However, I was not able to reproduce this error on our local servers...

chhzh123 commented 4 years ago

I think the default FIFO depth should be set as the size of the array, which can guarantee the correctness of an unoptimized dataflow program.

hecmay commented 4 years ago

I think the default FIFO depth should be set as the size of the array, which can guarantee the correctness of an unoptimized dataflow program.

Yeah. That's a good suggestion. I can change that. Thanks!

zhangzhiru commented 3 years ago

I think the default FIFO depth should be set as the size of the array, which can guarantee the correctness of an unoptimized dataflow program.

What's an unoptimized dataflow program? One that is not actually pipelined? This conservative solution is fine for small tensors. But in general, the area overhead is huge.

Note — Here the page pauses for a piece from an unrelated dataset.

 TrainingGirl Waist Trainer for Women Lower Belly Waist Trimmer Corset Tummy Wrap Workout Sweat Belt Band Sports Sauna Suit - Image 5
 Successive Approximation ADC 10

chhzh123 commented 3 years ago

I think the default FIFO depth should be set as the size of the array, which can guarantee the correctness of an unoptimized dataflow program.

What's an unoptimized dataflow program? One that is not actually pipelined? This conservative solution is fine for small tensors. But in general, the area overhead is huge.

The program that has not been optimized for area. I mean if users do not specify the FIFO depth, then our default depth should be set large enough. If the user knows what he does, then he can set a smaller depth to consume less area.

hecmay commented 3 years ago

I tried to run the KMeans (optimized) design on AWS. It turned out the design synthesized by Vitis HLS has a bit worse performance than Vivado HLS (default HLS tool in Vitis 2019.02). I think I need to fall back to Vitis 2019 on AWS and try again.

seanlatias commented 3 years ago

@Hecmay #259 is merged.

hecmay commented 3 years ago

@whbldhwj JIe. Please see the latest example here: https://github.com/Hecmay/heterocl/blob/fix/tests/test_schedule_systolic.py#L6-L31

The data type has been updated -- we do not have those nested casting any more for AutoSA module. And we also have the header and main body section for the imported IP.

hecmay commented 3 years ago

Moved to #316